Ranking social media spaces for helpfulness

27 Jan

As we are going through a stimulating week chasing down support for our blog in an online poll, we come to the following conclusions:

> Twitter numbers are relative.

Someone with 10,000 followers on Twitter is exponentially less likely to be retweeted than someone with 1,000, all other variables being equal. While it’s true that having more followers means more tweeters will try to get access to them, it’s also true that you simply can’t know 10,000 people personally, so the connections are less personal and helpful.

> LinkedIn contacts are not particularly LinkedIn.

You don’t owe your LinkedIn contacts regular touching and generosity before you ask for help – as with Twitter – because many of these relationships are not new. But don’t expect too much. LinkedIn is not particularly social. It’s remains a more self-interested place. Like a lot of businesses, come to think of it.

> Facebook friends are invested however…

Personal contacts are more loyal and helpful than purely business contacts. They are emotionally invested in your success, even if they don’t always understand what the hell you do. A request for support on Facebook gets reaction, but business is not really on the menu and thoughts quickly return to fart jokes and funny videos.

In summary, when it comes to business aid, friends are more loyal than contacts but followers are the best of both worlds. Twitter wins.

PS> Everything you’ve heard about Victoria is true. It really is an amazing social media town. We found unbelievable, regular and continuous support from our Twitter followers and social media kin. Facebook and LinkedIn were less relevant geographically to the equation. But Twitter was all about geography.


12 Responses to “Ranking social media spaces for helpfulness”

  1. Jody Beck January 27, 2011 at 5:43 pm #

    Great post. I forwarded it to a client who is just getting involved with social media.

  2. dougbrowncreative January 27, 2011 at 5:46 pm #

    Thanks Jody. Give us a shout if we can help.

  3. jodbeck January 27, 2011 at 6:03 pm #

    Will do.

  4. Reg January 27, 2011 at 6:04 pm #

    I agree — good notes and thoughts, Doug — and clearly being #2 is not really ‘losing’ per se — you seem to be taking good lessons (AND sharing them) from the experience.

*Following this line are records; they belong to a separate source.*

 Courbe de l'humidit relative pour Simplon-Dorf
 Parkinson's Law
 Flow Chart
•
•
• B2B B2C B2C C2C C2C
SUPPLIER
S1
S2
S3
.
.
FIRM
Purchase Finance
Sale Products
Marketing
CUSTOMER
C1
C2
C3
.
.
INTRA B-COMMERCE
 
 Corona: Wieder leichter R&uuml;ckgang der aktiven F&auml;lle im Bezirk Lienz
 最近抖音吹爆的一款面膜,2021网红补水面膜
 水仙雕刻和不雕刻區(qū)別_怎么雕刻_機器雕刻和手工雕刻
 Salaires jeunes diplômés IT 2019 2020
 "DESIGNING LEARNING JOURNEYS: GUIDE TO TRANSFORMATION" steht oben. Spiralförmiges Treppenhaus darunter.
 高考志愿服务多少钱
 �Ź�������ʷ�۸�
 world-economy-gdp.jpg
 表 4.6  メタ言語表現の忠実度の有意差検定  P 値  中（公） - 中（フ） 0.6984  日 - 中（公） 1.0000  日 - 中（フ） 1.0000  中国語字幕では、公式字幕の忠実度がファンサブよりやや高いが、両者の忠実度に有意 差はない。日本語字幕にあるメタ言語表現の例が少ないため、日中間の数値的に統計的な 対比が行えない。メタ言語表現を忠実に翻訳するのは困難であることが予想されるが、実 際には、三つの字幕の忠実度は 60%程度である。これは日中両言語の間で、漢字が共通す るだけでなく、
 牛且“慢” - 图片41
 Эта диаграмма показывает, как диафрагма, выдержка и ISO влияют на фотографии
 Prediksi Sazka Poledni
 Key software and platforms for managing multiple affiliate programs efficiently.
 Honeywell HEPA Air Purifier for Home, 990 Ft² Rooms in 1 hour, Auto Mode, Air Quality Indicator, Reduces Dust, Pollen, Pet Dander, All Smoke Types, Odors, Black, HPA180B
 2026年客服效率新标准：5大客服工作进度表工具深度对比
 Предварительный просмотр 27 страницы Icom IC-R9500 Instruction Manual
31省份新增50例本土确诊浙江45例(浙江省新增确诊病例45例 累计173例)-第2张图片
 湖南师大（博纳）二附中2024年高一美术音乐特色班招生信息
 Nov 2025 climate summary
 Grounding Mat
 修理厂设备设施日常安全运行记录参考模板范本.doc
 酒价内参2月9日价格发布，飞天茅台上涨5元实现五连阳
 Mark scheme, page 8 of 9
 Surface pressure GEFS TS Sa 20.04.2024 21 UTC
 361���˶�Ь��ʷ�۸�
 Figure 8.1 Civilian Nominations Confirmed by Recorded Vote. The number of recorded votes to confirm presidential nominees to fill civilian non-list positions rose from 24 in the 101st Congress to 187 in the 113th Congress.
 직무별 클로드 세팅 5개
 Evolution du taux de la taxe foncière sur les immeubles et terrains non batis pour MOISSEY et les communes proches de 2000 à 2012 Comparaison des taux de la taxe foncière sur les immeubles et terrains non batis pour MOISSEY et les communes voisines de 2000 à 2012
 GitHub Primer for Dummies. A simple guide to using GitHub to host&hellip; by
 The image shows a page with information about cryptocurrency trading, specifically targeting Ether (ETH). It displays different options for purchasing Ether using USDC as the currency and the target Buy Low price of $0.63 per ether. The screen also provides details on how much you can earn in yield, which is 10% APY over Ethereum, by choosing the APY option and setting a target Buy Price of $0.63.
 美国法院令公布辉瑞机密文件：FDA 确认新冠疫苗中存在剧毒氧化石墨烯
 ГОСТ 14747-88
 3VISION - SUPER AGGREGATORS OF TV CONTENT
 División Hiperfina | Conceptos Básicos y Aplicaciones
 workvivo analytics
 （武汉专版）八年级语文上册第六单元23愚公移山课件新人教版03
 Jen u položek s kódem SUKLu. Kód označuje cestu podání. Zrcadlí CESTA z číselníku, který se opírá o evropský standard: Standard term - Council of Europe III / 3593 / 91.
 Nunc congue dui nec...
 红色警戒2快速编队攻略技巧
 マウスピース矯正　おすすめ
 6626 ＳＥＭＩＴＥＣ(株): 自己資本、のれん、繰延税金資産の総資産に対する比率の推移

And that makes you a winner — and us along with you.

    Thanks for the insights.

  5. dougbrowncreative January 27, 2011 at 6:07 pm #

    It’s a good learning experience for us Reg. We were outgunned by a great agency and our hats off to The War Room from Dallas, Texas. Things are bigger down there….and better. For now.

  6. jodbeck January 27, 2011 at 6:16 pm #

    Remember Avis slogan? We’re number 2. We try harder.

  7. dougbrowncreative January 27, 2011 at 6:18 pm #

    In which case we never want to be number 1!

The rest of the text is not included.